This exhibition marks the centenary of the birth of Cecil King, one of Ireland’s most significant modern artists. The artist had a close association with the Hugh Lane Gallery; his first retrospective was held there in 1981, and he was Vice Chairman of the ROSC exhibition’s Executive Committee when the gallery hosted ROSC ’77. This exhibition is drawn from the collection and reveals the artist’s fine, taut use of line and intense depths of colour to convey mood and movement and to distil his experience of place.
The Hugh Lane Gallery’s collection of Cecil King’s work begins with November (1960), with its animated brushstrokes, and Dawn Image (1962). While more loosely painted than the later works, the combination of delicate line with large areas of colour is consistent throughout, as is King’s use of colour to evoke moods.
King’s connection to different cities is often explicit in the titles of paintings and prints – Berlin, Haarlem, Baggot Street and Saarbrücken – as the artist sought to distil his experience of the place. The Berlin Suite (1970) was inspired by a visit to the city, then divided between West and East Germany. Narrow peripheral bands create tension against expanses of flat colour. Nexus (1973) is a striking painting from the same period, in which a solid block of red is punctuated by slivers of black. It featured on the cover of the catalogue to King’s first major retrospective exhibition, held at the Hugh Lane Gallery in 1981.
King’s later works in the collection, such as Link 3 and Intrusion 2 (both 1985), are realised in more muted colours than the paintings and prints from the 1970s. Surface was important to the artist; to achieve the particular quality of these works colour was built up in several layers using both brushes and foam.
James Johnson Sweeney, former Director of the Guggenheim Museum observed, “Intensity is the key to the quality of Cecil King’s work”. He identified “elegance, meticulousness and conviction, combined with sensibility and modesty” as the essence of King’s art, qualities evident throughout this display from the gallery’s collection.
King was born in Rathdrum, Co.

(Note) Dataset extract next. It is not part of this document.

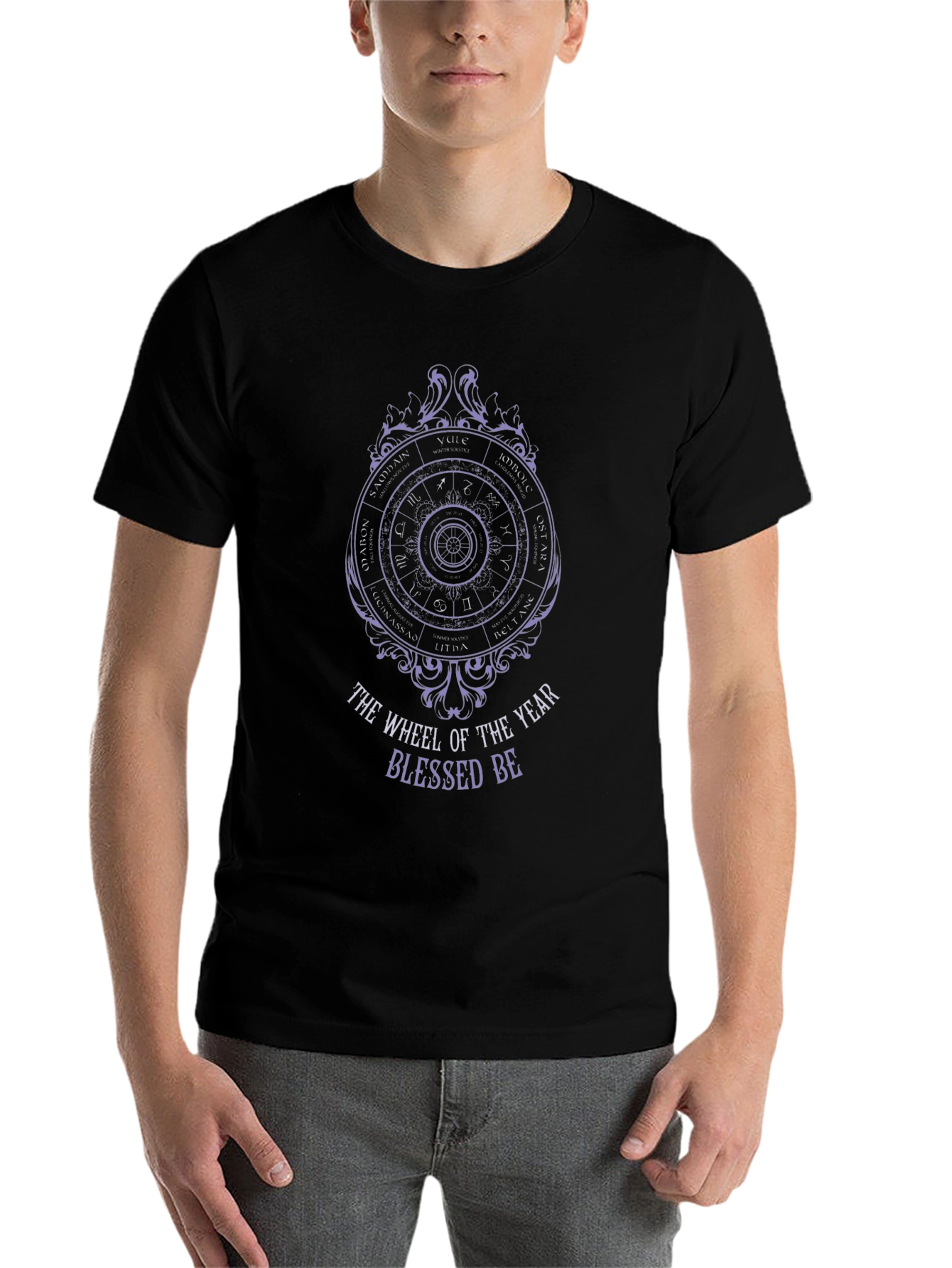 Wheel of the Year Blessed Be Black T-Shirt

Wicklow in February 1921. He initially began a career in business and became a Director of the Dundalk-based printer W&S Magowan. He took initial instruction in painting from Barbara Warren and Nevill Johnson, but was largely self-taught. He held his first solo exhibition at the Ritchie Hendriks Gallery, Dublin, in 1959 and became a full-time artist in 1964.
King was also an avid collector of contemporary art and was actively involved in the management of arts organisations. He was a founding member of the Contemporary Irish Art Society in 1962, and from 1967 was a committee member of the ground-breaking ROSC exhibitions of international contemporary art. He served on its committee until 1984 and his work was exhibited posthumously in the final ROSC exhibition in 1988. The architect Michael Scott then paid tribute to the artist: “Cecil’s passion for the whole concept was immense and combined with his quiet charm, vast knowledge and capacity for hard work helped greatly to secure the success and continuation of Rosc.”